Machine tool with C-shaped frame

Abstract

 A machine tool, in particular a machine for working with punches and dies parts formed from sheet material, comprises an essentially C-shaped frame (2) made up of two parallel-­connected, essentially C-shaped frame parts (3, 4). The first frame part (3) is designed to absorb the reaction forces from forces exerted by tools (12, 13) placed between the arms of the C-shaped parts. The second frame part (4) is designed to hold the tools in a desired position relative to each other. The two C-shaped frame parts (3, 4) near the ends of the arms (5, 6, 8, 11) thereof are connected to each other only by means of a hinge joint (7) between the bottom arm (5) of the first C-shaped frame part (3) and the neighboring bottom arm (6) of the second C-shaped frame part (4), and a connecting element (10) which at one side is hingedly connected to the top arm (8) of the first C-shaped frame part (3) by means of a hinge joint (9) and at the other side is connected to the top arm (11) of the second C-shaped frame part (4). The frame parts (3, 4) are connec­ted in such a way that said connecting element can be moved in the working direction of the tools. The axes of the hinge joints (7, 9) are essentially at right angles to the princi­pal plane of the C-shaped frame part (3), and intersect the common axis of tools (12, 13) placed between the arms (5, 6, 8, 11) of the C-shaped frame parts (3, 4).

Description

[0001] The invention relates to a machine tool, in particular a machine for working with punches and dies parts formed from sheet material, comprising an essentially C-shaped frame made up of two parallel-connected, essentially C-sha­ped parts, the first of which is designed to absorb the reaction forces from forces exerted by tools placed between the arms of the C-shaped parts, while the second is designed to hold the tools in a desired position relative to each other.

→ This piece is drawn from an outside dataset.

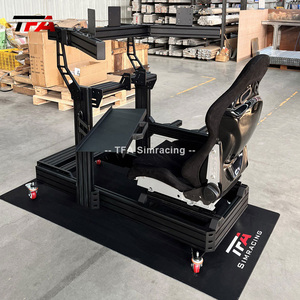 Cockpit de course Sim en aluminium avec siège réglable, pédales, support de roue et triple support de moniteur pour la configuration du simulateur de conduite - Product Image 3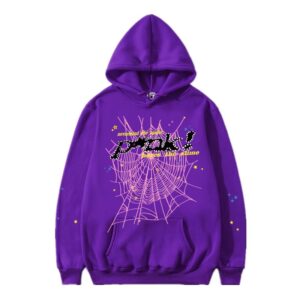sp5der Spider Web Punk Hoodie - Purple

[0002] Such a machine is known from German Offenlegungsschrift 19 20 749. Such machines are used for, for example, punching holes of varying sizes in material of sometimes considerable thickness. The forces exerted on the frame can be very great; often of the order of many thousands of newtons.

[0003] A problem which occurs in machine tools with C-shaped frames is that, due to the considerable forces which are exerted on the C-shaped frame, the frame tends to gape, i.e. the arms of the frame bend apart during the machining of a workpiece. The position of the tools in the bottom and top arm relative to each other cannot consequently be fully controlled. This leads to a loss of accuracy. In punching machines in particular this is undesirable. In punching machines the degree of gaping of the frame is one of the factors affecting the size of the clearance between punch and die. The greater the "gaping effect" the more the clearance deviates from the clearance corresponding to a particular sheet thickness, and the greater is the burr information.

[0004] An attempt to eliminate these disadvantages of conven­tional C-shaped frames was made by providing a C-shaped frame made up of two parts, one part absorbing the reaction forces exerted by the tools, and the other part having to hold the tool (for example, punch and die) as well as possible in their correct positions.

[0005] In old frames of this type the two frame parts were connected to each other, either by means of the bedplate (which in that case has to be made very heavy), or by means of the table of the machine. In these machines, however, the frame parts could not function independently of each other, so appreciable gaping took place.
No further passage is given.